All Israel will be saved

It is a bit of a read so now that it is completed here is a summary of the key points.

‘Jew’ and ‘Israel’ are not used synonymously

Consistently from the Exile (597BC) and even from the Assyrian conquest (722BC) the term ‘Israel’ and the term ‘Jew’ were not used synonymously. Jew being the term for the people of the southern kingdom (of the tribe of Judah and Benjamin); Israel never returning to the land (northern 10 tribes) – though Samaritans claimed to be Israelites. This Samaritan claim was debated but never was it debated that they were Jews.
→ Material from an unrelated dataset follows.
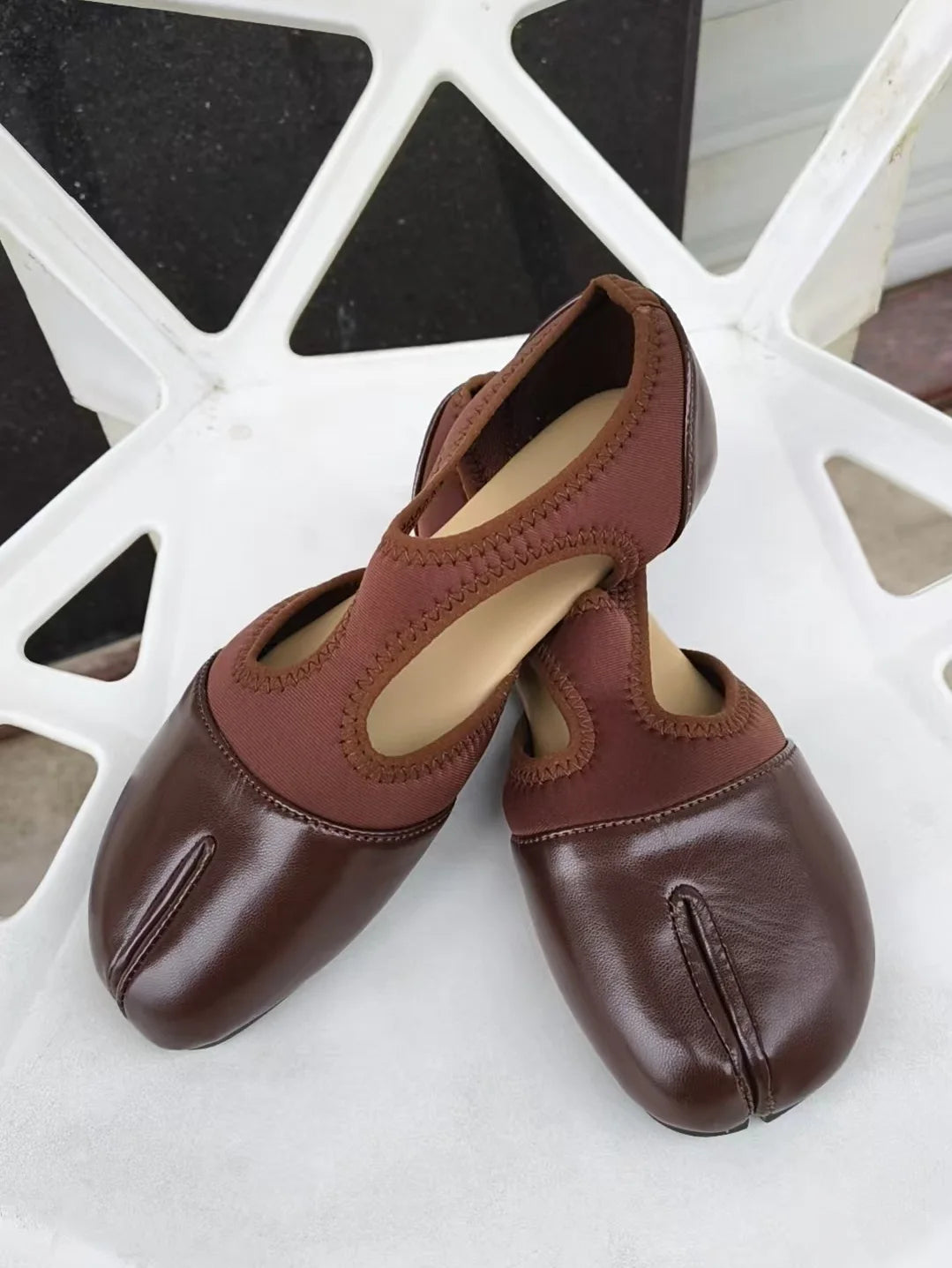 Women Brand Mary Janes Shoes Summer Split Toe Tabi Walking Sneakers Casual Splicing Loafers Designer Ballet Flats Shoes балет Pi-Mart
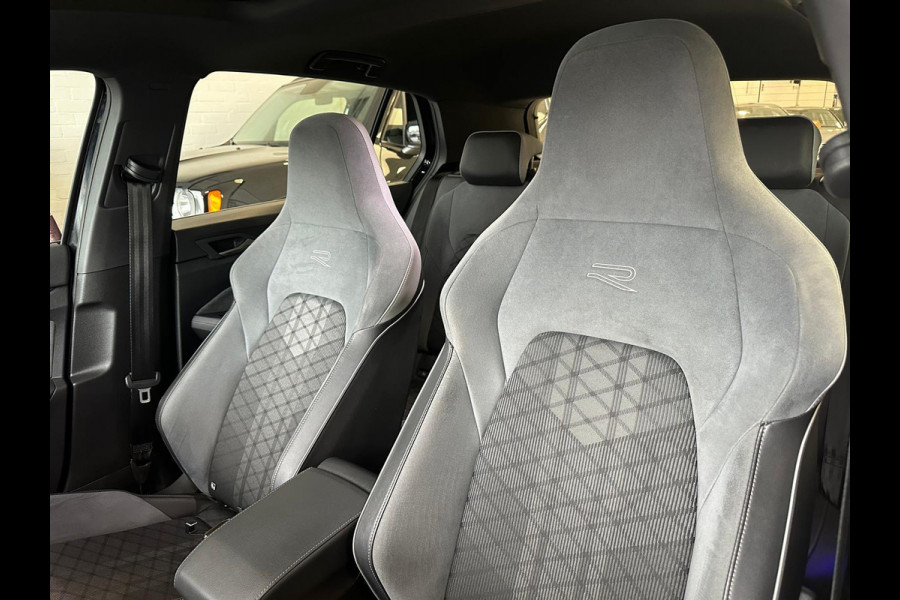 Volkswagen Golf 1.5 TSI R-Line Business+PANO+18'' LM VELGEN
Consistently in what is termed Second Temple Judaism the term ‘Israel’ was only applied to the whole nation (or the ‘lost’ tribes), to the people when referring to them in history past, or when expressing a hope in the future of their restoration (hence the question to Jesus by the disciples).

  • All Israel will be saved is not referring to the Jews of Paul’s day, but is expressing the hope that has been carried for centuries, such as is expressed in the New Covenant promise of Jer. 31 – a covenant made with both houses (north and south) thus with ‘Israel’.

Paul does not use a temporal phrase such as ‘and then’

The phrase he uses is ‘and in this way’ all Israel will be saved. This is the normal way the phrase is used and the consistent way he uses the phrase in his writings. He could / would have used a totally different phrase should he have wished to convey something that will suddenly occur at the eschaton.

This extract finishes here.